Jonas a un mouvement de recul. Sa vision se brouille un instant alors qu’il réalise ce que cela signifie. Son cœur loupe un battement alors que son esprit tourne à toute allure. Son père est en vie. Pourquoi lui a-t-on caché cela ? Où peut-il bien se trouver ? Quel intérêt de maintenir cette information secrète ?

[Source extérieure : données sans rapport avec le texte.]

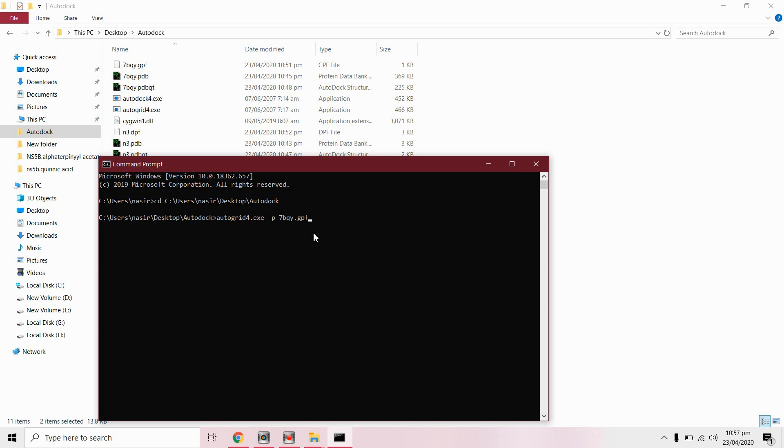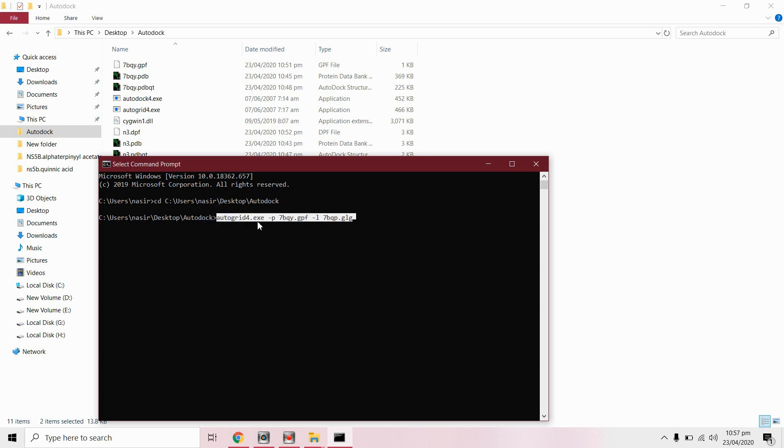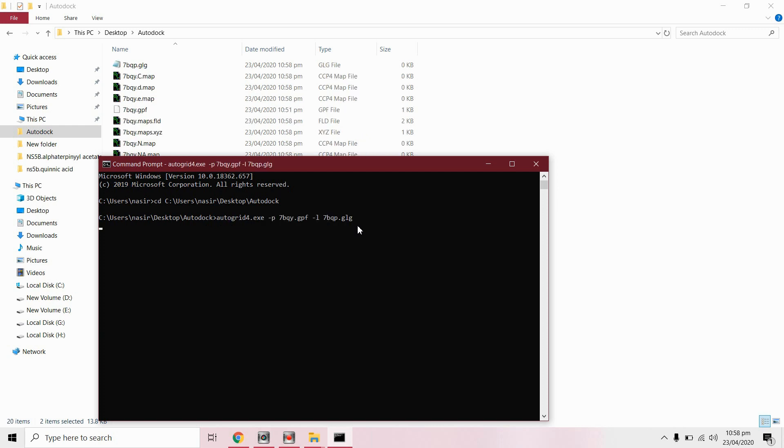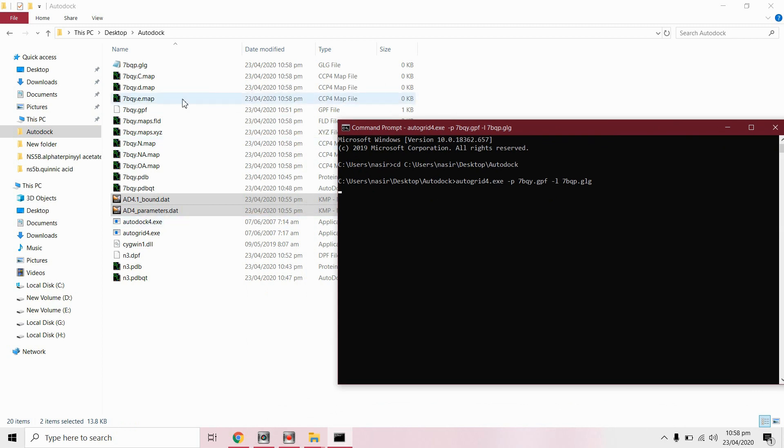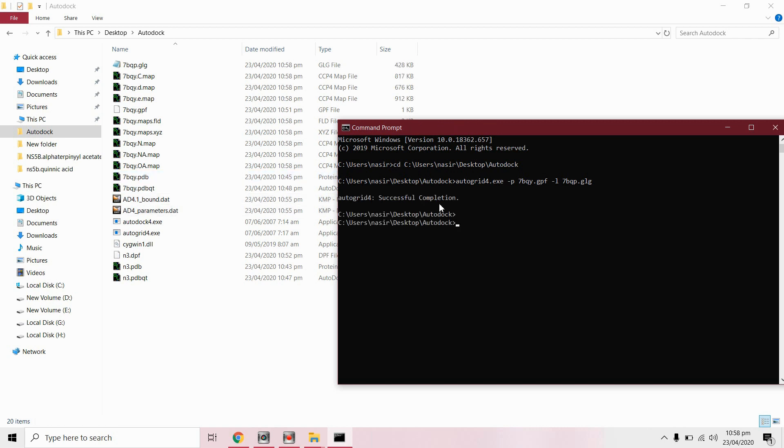Now we will create a log file 7bqy dot GLG. The extension of log file will be dot GLG. So we run this command first. This will create map files. It is done, successful completion.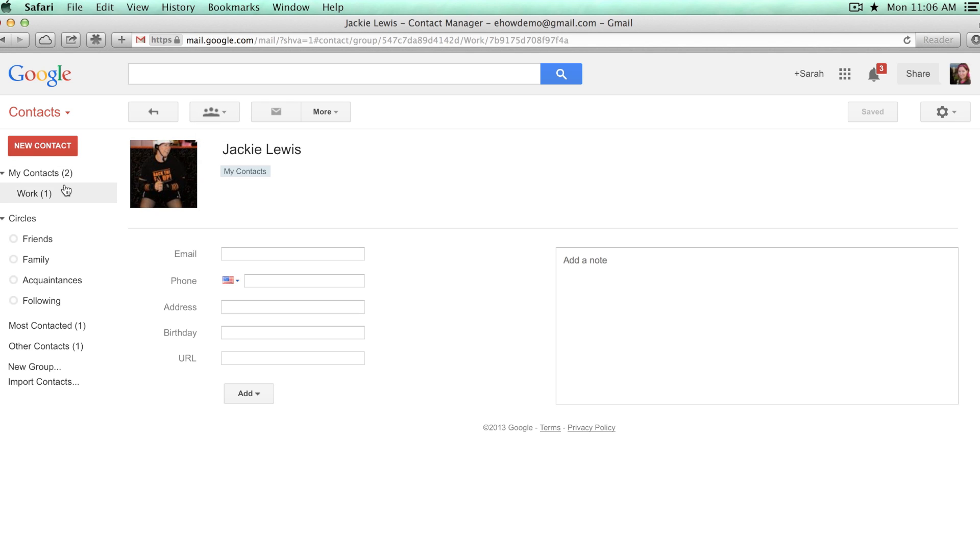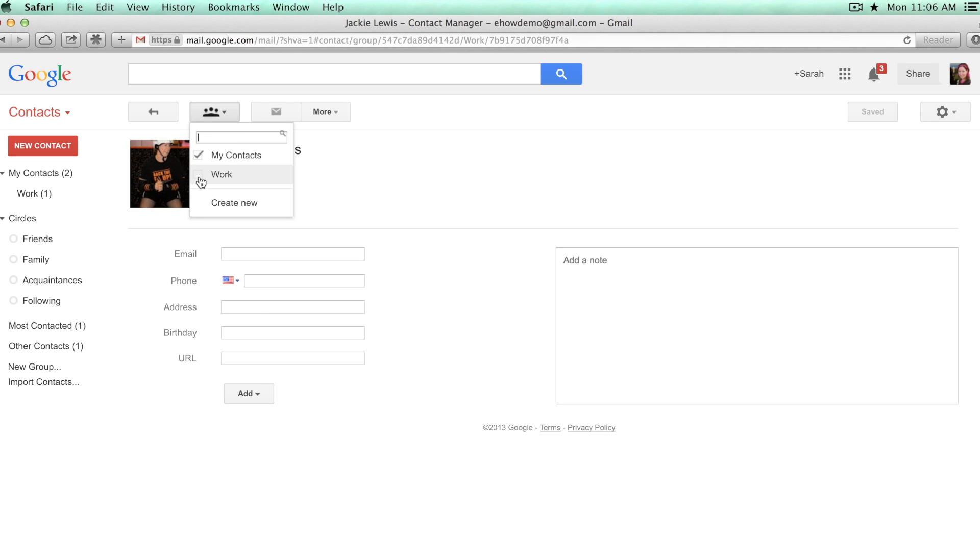And you can add people to an existing group if you've already got groups set up by going here and then clicking and choosing the group that you want them to be added to.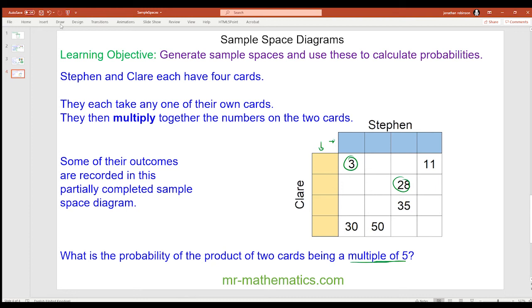The first clue is that three and eleven are both prime numbers, which means one card must be three and another must be one. Likewise, another card must be eleven. Also, twenty-eight and thirty-five share a common factor of seven: seven times four makes twenty-eight, and seven times five makes thirty-five. And three times ten makes thirty, and ten times five makes fifty. So the cards are one, three, five, seven for one person and four, five, seven, ten for the other.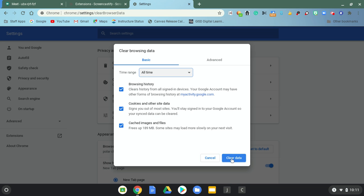And once you have that, just go ahead and click clear data. And you should be able to get into ReadyHub.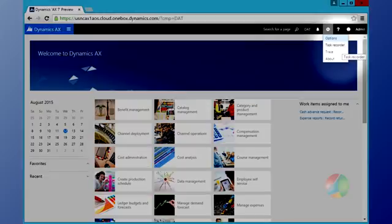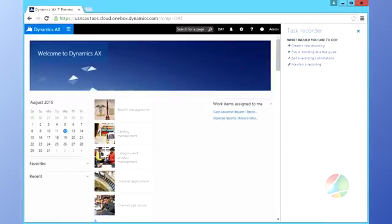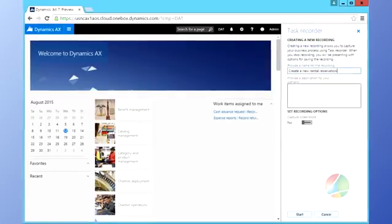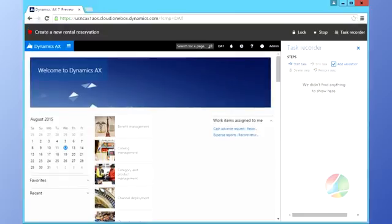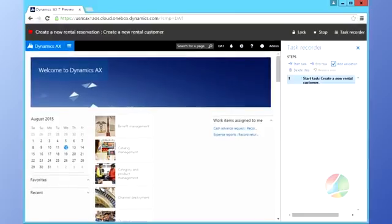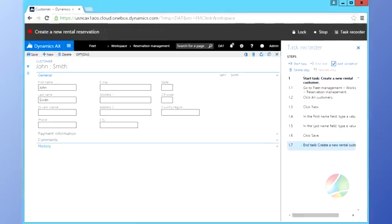The exciting thing about the Task Recorder is what you can use that recording for. The output allows you to generate a visual diagram of your process for documentation, create a Word document describing exactly what users should do to complete their tasks, and most excitingly, produce a Task Guide.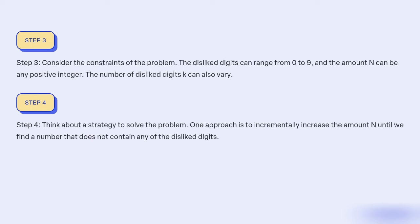Step 4: Think about a strategy to solve the problem. One approach is to incrementally increase the amount N until we find a number that does not contain any of the disliked digits.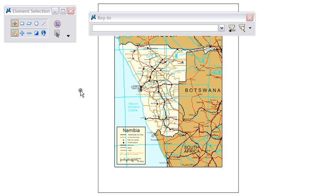Welcome to this tip presented by the Envision Group. In the V8 releases of MicroStation, a simple key-in will allow you to open up applications such as Internet Explorer, Notepad, and Windows Explorer.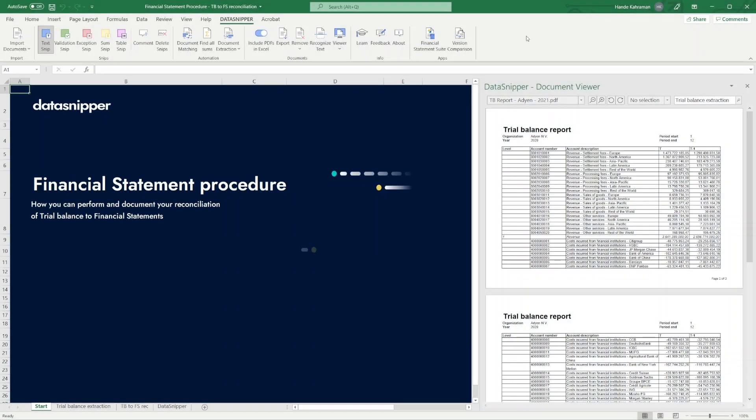Welcome everyone! In this video, we will show you how to use the Table Snip. With the Table Snip feature, you can easily extract tabular data from PDF files to Excel. Let's see how it works.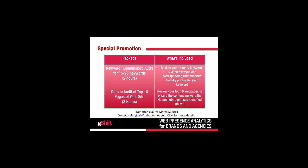In light of Hummingbird and this webinar, we are offering a special promotion. The first package is a basic keyword Hummingbird audit for your top 15 to 20 keywords — we'll review your primary keywords and provide a corresponding Hummingbird-friendly phrase for each. This takes approximately two hours. The next step is an on-site audit of your top 10 pages, taking approximately three hours, to ensure the content answers the Hummingbird phrases identified. This promotion expires March 5th, 2014. Contact your client success manager or sales at gshiftlabs.com for more details.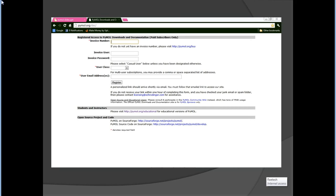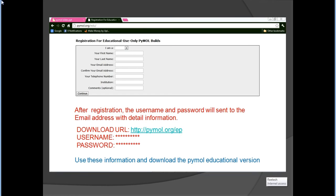Hello friends, today I am here to describe the software PyMOL. First, go to the official website as shown in the slide. You can use an invoice number or your email address to register yourself. After registration, the username and password will be sent to your email address with detailed information. Input all this information and download the PyMOL software — the educational version.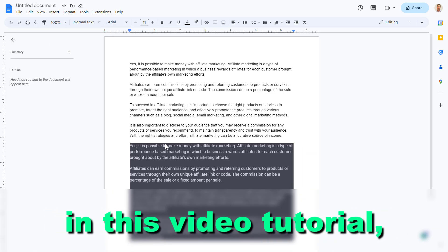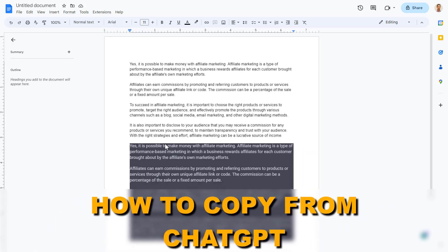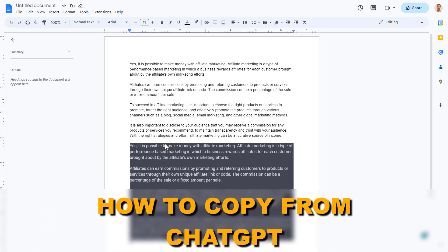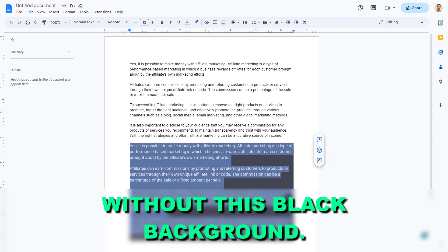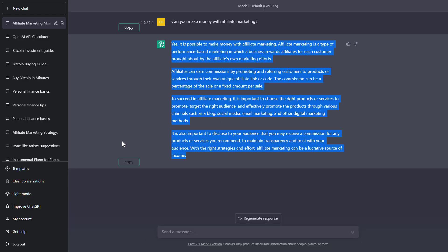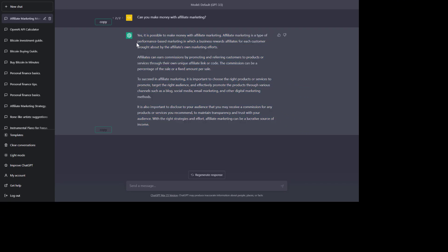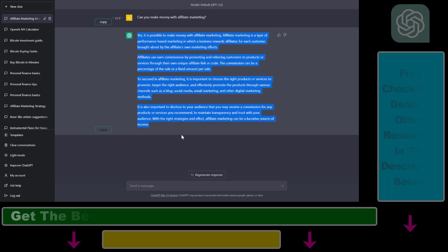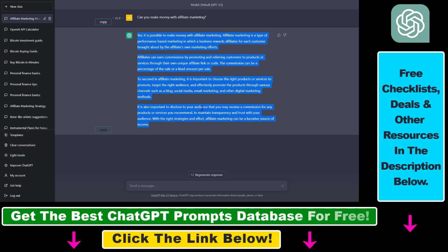Hey everybody, in this video tutorial I'm going to show you how to copy from ChatGPT without this black background. So if you want to copy and paste a ChatGPT response from ChatGPT without this black background, here is how to do it.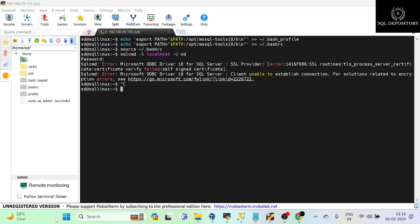Hello everyone, this is SQL Depository. I am Soros Pandey and today we are going to resolve an error which is related to an SSL provider that we got when we tried to connect our SQL Server which has been installed on Ubuntu server.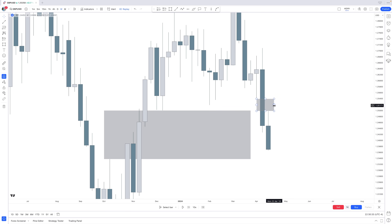Why do fair value gaps act as magnets and rockets? When price moves lower too fast, only sellers got a fair chance to get involved. That is seen through the fair value gap. We need to retrace back into it to offer fair value — to give buyers a fair chance to get involved — before continuing lower or higher.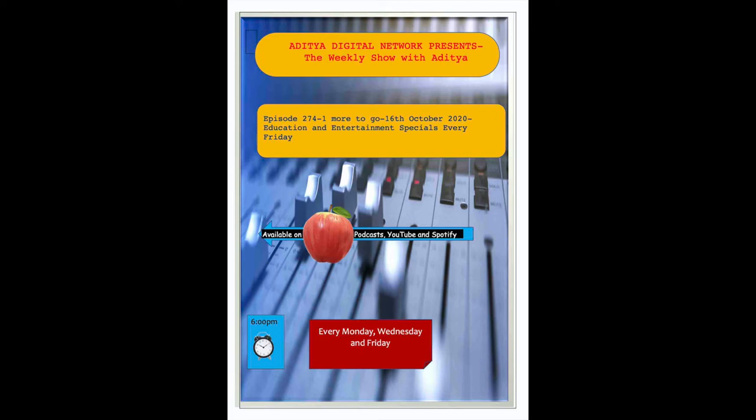This is Saurabh and you're listening to my favorite talk show, The BG Show with Aditya.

—   Où…où se trouve-t-il ? bégaie-t-il.

—   Derrière le mur, évidemment.

Le mur ? Quel mur ? s’interroge Jonas qui ne voit pas à quoi fait illusion l’homme à la balafre.

Voyant l’incompréhension du jeune homme et exaspéré par cette dernière, le prisonnier décide de l’éclairer.

— Le mur des Ombres ! s’exclame-t-il en roulant des yeux. C’est bien beau d’avoir des vêtements brodés d’argent, mais il s’agirait de faire fonctionner ce qui vous sert de cervelle. Vous z’êtes un peu long à la détente.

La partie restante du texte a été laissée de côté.